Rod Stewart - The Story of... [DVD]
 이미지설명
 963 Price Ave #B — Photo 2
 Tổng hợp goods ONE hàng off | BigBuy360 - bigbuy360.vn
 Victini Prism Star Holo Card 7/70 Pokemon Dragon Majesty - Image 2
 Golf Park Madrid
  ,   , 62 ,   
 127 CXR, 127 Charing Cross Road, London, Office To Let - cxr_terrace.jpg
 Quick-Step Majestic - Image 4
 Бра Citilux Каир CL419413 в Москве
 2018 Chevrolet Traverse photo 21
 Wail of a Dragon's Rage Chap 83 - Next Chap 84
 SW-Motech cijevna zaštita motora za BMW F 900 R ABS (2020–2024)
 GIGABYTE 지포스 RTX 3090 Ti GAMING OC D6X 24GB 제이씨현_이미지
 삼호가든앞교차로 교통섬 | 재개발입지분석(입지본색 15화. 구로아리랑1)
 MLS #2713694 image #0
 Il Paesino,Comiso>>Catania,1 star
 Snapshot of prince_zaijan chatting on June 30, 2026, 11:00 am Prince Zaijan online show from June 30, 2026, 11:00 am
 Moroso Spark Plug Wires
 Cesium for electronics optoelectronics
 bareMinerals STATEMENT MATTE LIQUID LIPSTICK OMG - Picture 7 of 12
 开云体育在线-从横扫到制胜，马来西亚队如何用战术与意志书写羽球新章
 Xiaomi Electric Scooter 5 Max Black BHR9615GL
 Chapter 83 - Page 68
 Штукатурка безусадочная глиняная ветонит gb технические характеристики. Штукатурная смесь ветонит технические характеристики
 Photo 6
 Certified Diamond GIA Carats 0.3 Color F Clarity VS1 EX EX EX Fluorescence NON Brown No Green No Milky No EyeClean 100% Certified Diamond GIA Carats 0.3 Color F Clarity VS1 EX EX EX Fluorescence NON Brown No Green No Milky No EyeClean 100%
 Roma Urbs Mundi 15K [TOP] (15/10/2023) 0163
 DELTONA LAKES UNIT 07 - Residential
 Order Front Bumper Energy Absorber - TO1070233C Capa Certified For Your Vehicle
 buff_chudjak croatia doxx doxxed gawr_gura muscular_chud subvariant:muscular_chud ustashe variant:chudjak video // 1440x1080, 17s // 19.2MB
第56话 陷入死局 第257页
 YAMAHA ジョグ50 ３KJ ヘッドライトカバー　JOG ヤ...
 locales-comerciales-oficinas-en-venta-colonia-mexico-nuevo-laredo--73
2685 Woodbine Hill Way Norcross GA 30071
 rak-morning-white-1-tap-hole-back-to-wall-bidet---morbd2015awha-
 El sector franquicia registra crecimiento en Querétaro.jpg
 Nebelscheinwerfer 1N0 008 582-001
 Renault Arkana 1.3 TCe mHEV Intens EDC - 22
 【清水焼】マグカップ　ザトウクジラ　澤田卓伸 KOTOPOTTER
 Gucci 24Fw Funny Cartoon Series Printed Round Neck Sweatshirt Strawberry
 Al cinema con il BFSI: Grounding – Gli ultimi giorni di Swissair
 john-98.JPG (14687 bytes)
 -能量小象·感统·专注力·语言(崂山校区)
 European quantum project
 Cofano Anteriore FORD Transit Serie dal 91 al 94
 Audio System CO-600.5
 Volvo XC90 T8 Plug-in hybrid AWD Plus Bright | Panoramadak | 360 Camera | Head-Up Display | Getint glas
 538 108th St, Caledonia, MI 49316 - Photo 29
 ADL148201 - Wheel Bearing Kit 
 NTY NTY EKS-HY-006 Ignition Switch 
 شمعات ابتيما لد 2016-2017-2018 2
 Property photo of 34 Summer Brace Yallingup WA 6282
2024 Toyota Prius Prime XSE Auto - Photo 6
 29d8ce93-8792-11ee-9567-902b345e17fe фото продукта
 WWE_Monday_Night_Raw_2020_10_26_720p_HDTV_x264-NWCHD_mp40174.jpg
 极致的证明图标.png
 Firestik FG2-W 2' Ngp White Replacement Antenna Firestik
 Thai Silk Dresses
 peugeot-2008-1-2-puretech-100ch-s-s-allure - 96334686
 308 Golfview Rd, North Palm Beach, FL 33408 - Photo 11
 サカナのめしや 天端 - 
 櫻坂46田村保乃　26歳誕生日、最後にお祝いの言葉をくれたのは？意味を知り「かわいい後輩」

····················

→ **ASSIGNED TASK**: In the listing above, transcribe exactly everything from the line containing "Cesium for electronics optoelectronics" down to the line containing "YAMAHA ジョグ50 ３KJ ヘッドライトカバー　JOG ヤ...", including both and nothing more.

→ **ANSWER FOR THIS EXERCISE**:
 Cesium for electronics optoelectronics
 bareMinerals STATEMENT MATTE LIQUID LIPSTICK OMG - Picture 7 of 12
 开云体育在线-从横扫到制胜，马来西亚队如何用战术与意志书写羽球新章
 Xiaomi Electric Scooter 5 Max Black BHR9615GL
 Chapter 83 - Page 68
 Штукатурка безусадочная глиняная ветонит gb технические характеристики. Штукатурная смесь ветонит технические характеристики
 Photo 6
 Certified Diamond GIA Carats 0.3 Color F Clarity VS1 EX EX EX Fluorescence NON Brown No Green No Milky No EyeClean 100% Certified Diamond GIA Carats 0.3 Color F Clarity VS1 EX EX EX Fluorescence NON Brown No Green No Milky No EyeClean 100%
 Roma Urbs Mundi 15K [TOP] (15/10/2023) 0163
 DELTONA LAKES UNIT 07 - Residential
 Order Front Bumper Energy Absorber - TO1070233C Capa Certified For Your Vehicle
 buff_chudjak croatia doxx doxxed gawr_gura muscular_chud subvariant:muscular_chud ustashe variant:chudjak video // 1440x1080, 17s // 19.2MB
第56话 陷入死局 第257页
 YAMAHA ジョグ50 ３KJ ヘッドライトカバー　JOG ヤ...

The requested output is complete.